The (hidden) power of ‘ping’


PING

Ping is a Unix utility that sends ICMP ECHO to the server ( destination machine ) from the client ( originating machine ). It takes its name from a submarine sonar search – you send a short sound burst and listen for an echo – a ping – coming back. There is a myth that Ping is actually an acronym for the words ‘Packet INternet Groper’, but there is no proven evidence to support the statement.

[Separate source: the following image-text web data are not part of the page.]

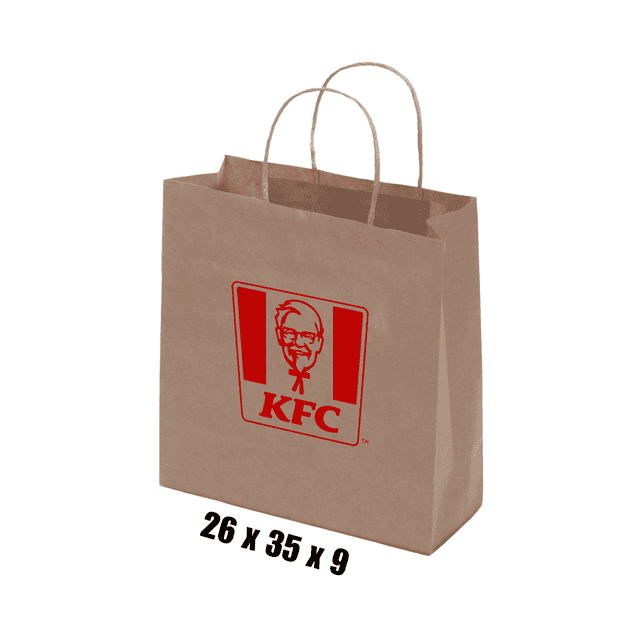A medium brown kraft paper bag with twisted paper handles and a logo on the front. Dimensions are 26 x 35 x 9 cm.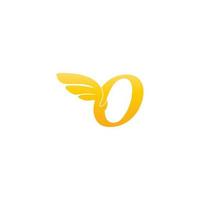 lettre o logo icône illustration avec des ailes vecteur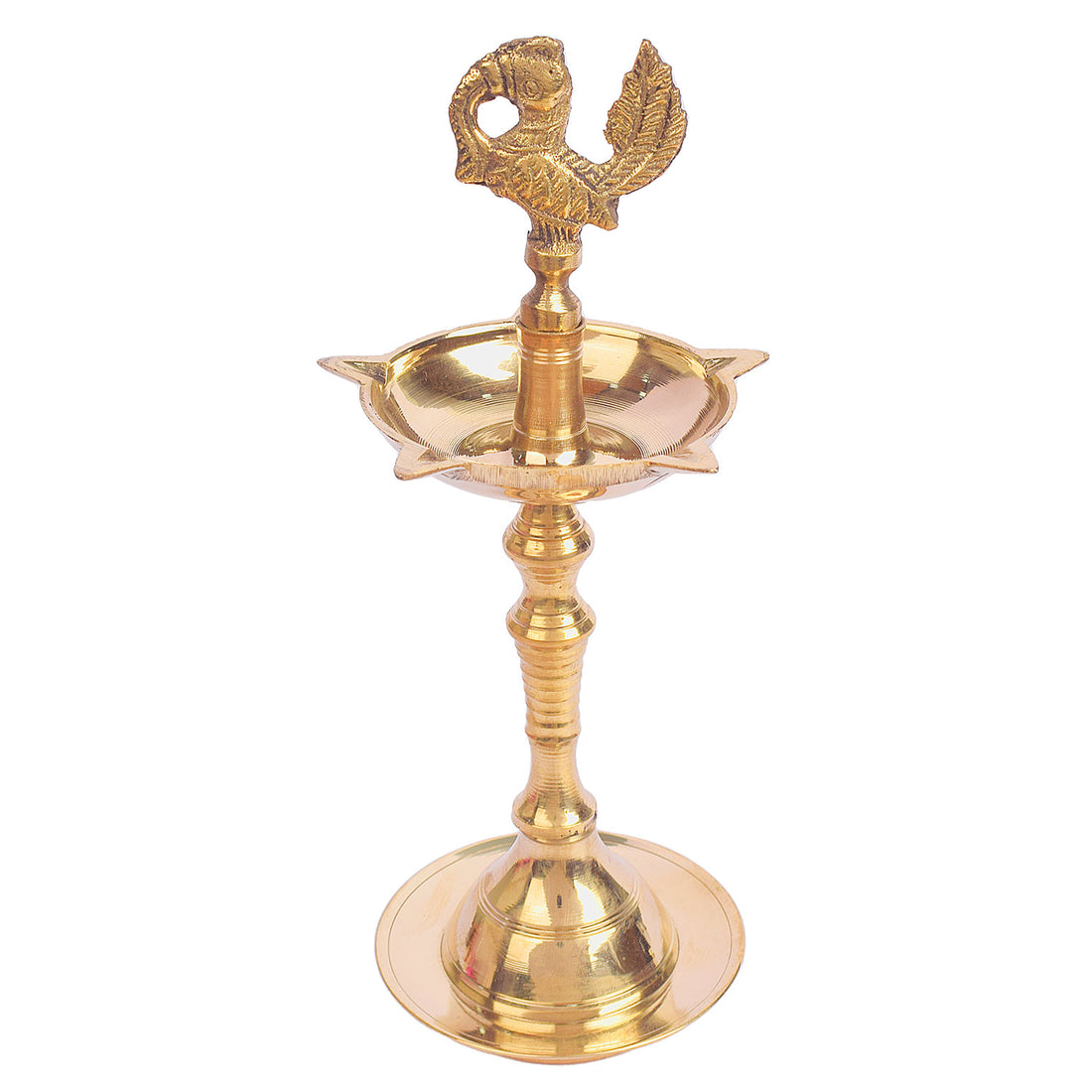 11 Inch Brass Peacock Kerala Diya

For years, system admins, managers, developers, and the-next-door-jack have been using this utility, primarily to check if the ‘target system is alive’. Ping, is thus undercredited by deeming it as an utility which has only one function. “Type in ping <target_machine> , if it gives response the machine is UP, if it doesn’t either machine is down OR network is down. “NOT NECESSARILY TRUE!

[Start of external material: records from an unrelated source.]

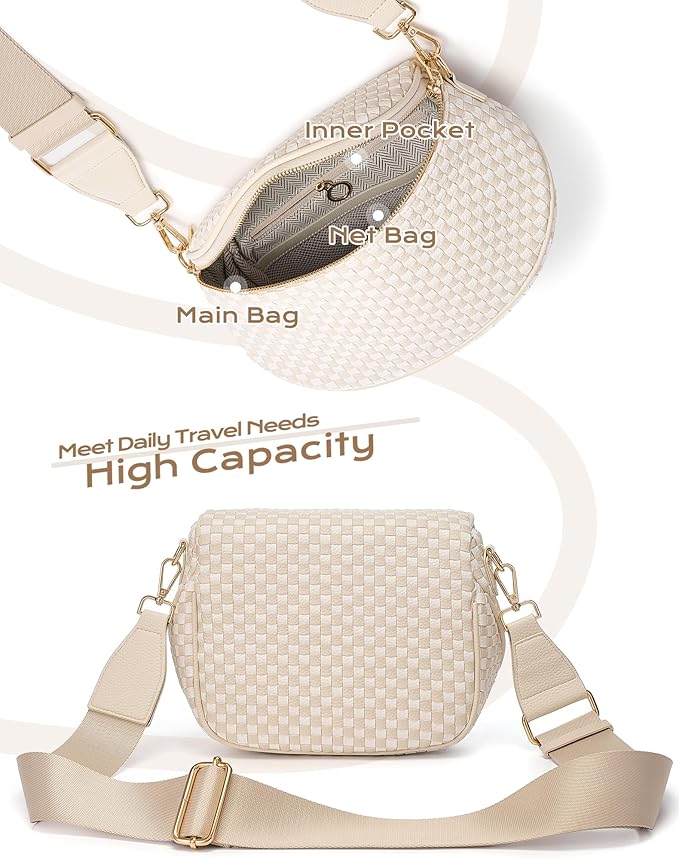Trendy Woven Checkered Crossbody Bum Bag for Women，PU Leather Checkered Purse Fanny Packs Belt Bag (Woven Bum Bag - Beige White)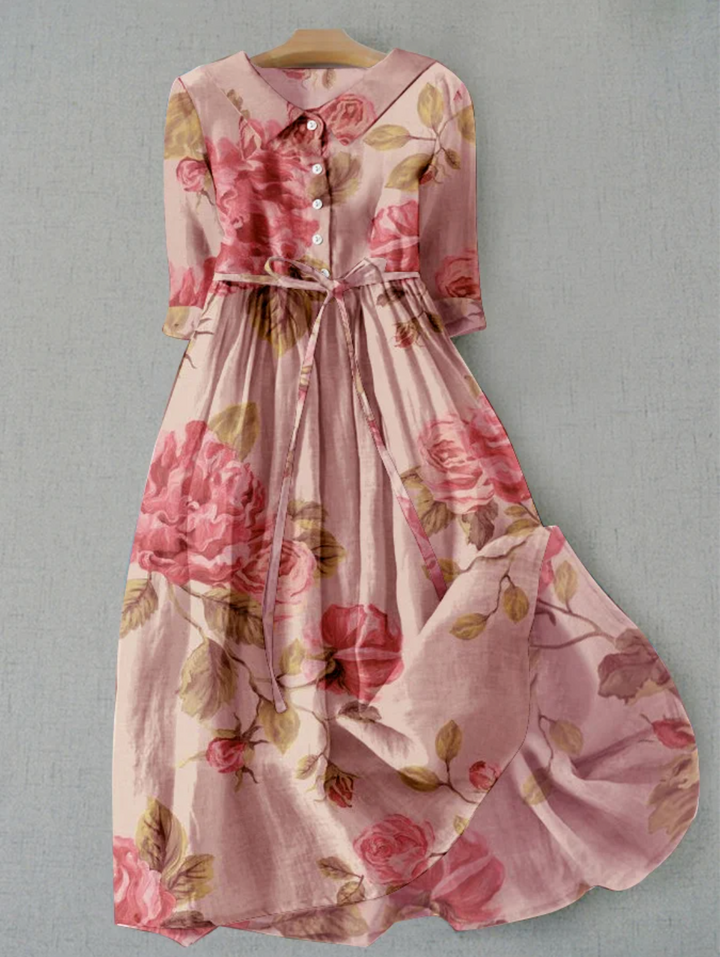 Damen-Midikleid mit Blumenprint Kragen und Bindegürtel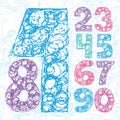 Pencil Sketch Numbers. Hand drawing vector set Royalty Free Stock Photo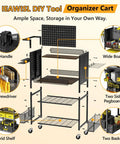 Heavy Duty Four Tier Metal Rolling Tool Cart With Pegboard And Storage Baskets For Garage And Shop Use Mobile Tool Organizer Keeps Tools And Parts In Reach For DIY Projects, showing components like grid shelf and pegboards.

What (other) Information can a ‘ping’ give you ?

  1. If the <target_machine> is alive [ there are cases where this doesn't work ]
  2. How long each packet exchange took
  3. Interframe Gap
  4. Reports other ICMP messages that might otherwise get buried in the system software
  5. Exponential Moving Average
  6. How occupied is the target system including the network that routes from host to the target.

Now, how ‘you’ use this information to draw conclusions and metrics, is upon you. I’ll show some examples in the later part of this article.

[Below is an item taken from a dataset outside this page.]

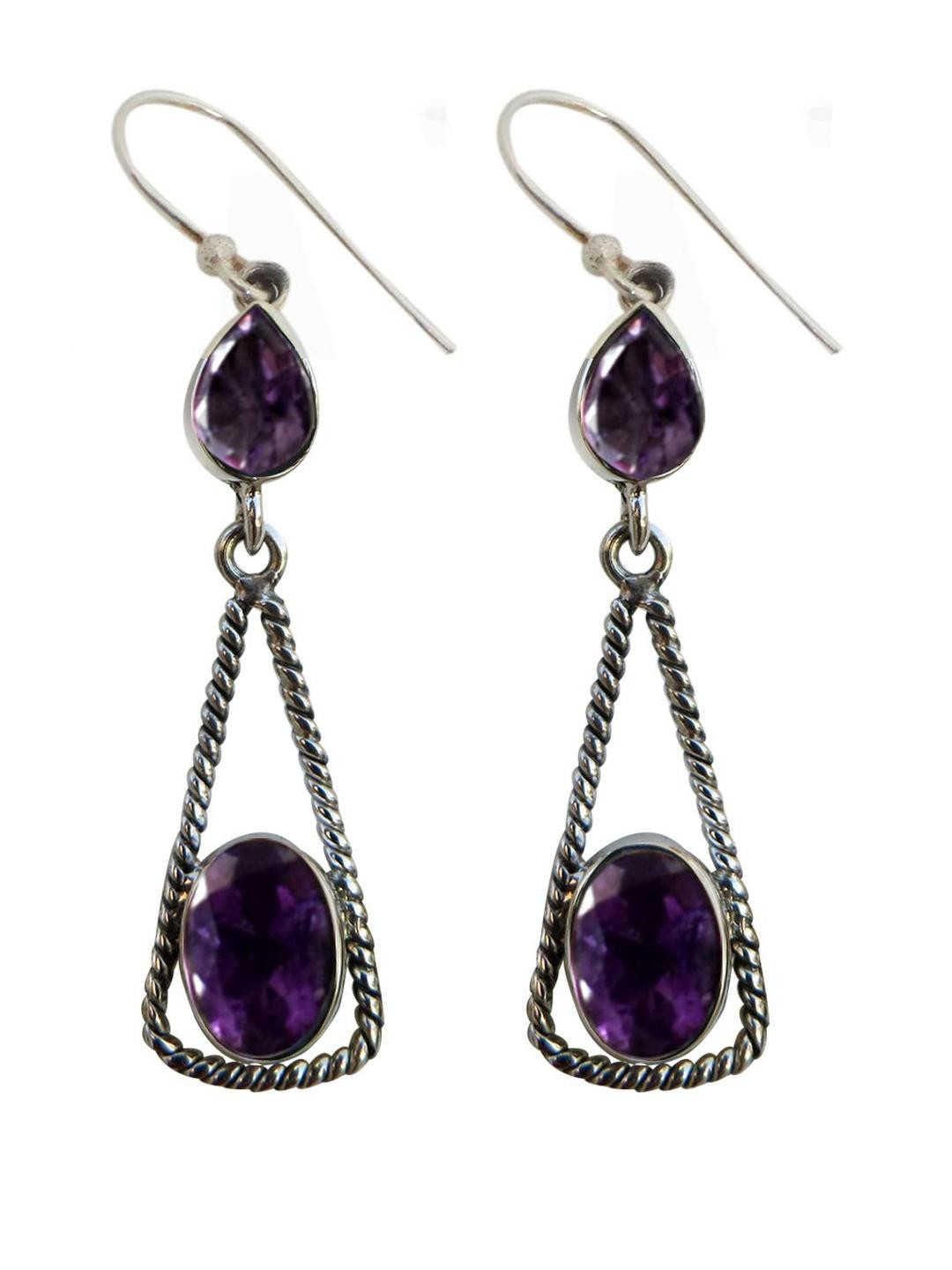 Silver Planets 92.5-925 Sterling Silver Amethyst Stone Latest Ethnic Earing for Women and Girls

Lets see a sample Ping Output

-bash-3.00$ ping www.google.com
PING www.l.google.com (64.233.169.104) 56(84) bytes of data.
64 bytes from yo-in-f104.google.com (64.233.169.104): icmp_seq=0 ttl=246 time=7.97 ms
64 bytes from yo-in-f104.google.com (64.233.169.104): icmp_seq=1 ttl=246 time=13.7 ms
64 bytes from yo-in-f104.google.com (64.233.169.104): icmp_seq=2 ttl=246 time=9.69 ms
64 bytes from yo-in-f104.google.com (64.233.169.104): icmp_seq=3 ttl=246 time=8.15 ms
 
--- www.l.google.com ping statistics ---
4 packets transmitted, 4 received, 0% packet loss
rtt min/avg/max/mdev = 7.971/9.884/13.716/2.313 ms

pretty normal eh ! Whats so new in that ?
Now, I can bet 50% of people who read this may not know the significance of all the digits or abbreviations in the output. It is a good idea to have a detailed knowledge of it in order to understand what is actually happening.
This will also help you to change the data in order to detect certain problems.

1. When you ping www.google.com it replies www.l.google.com which is actually a CNAME in the DNS database.
2. The second line has the IP address of the host that is found. This IP address is found from the DNS query to the DNS database. ( I will be writing an article about how the DNS query actually works ! Watch out for it )
3. Line two has two numbers (56 and 84 ) as bytes of data while all the reply has another (64) bytes of data. Now what are these ?

PING is an ICMP Packet with 20 bytes of IP header + 8 bytes ICMP header + XX byes of data ( or call it the payload )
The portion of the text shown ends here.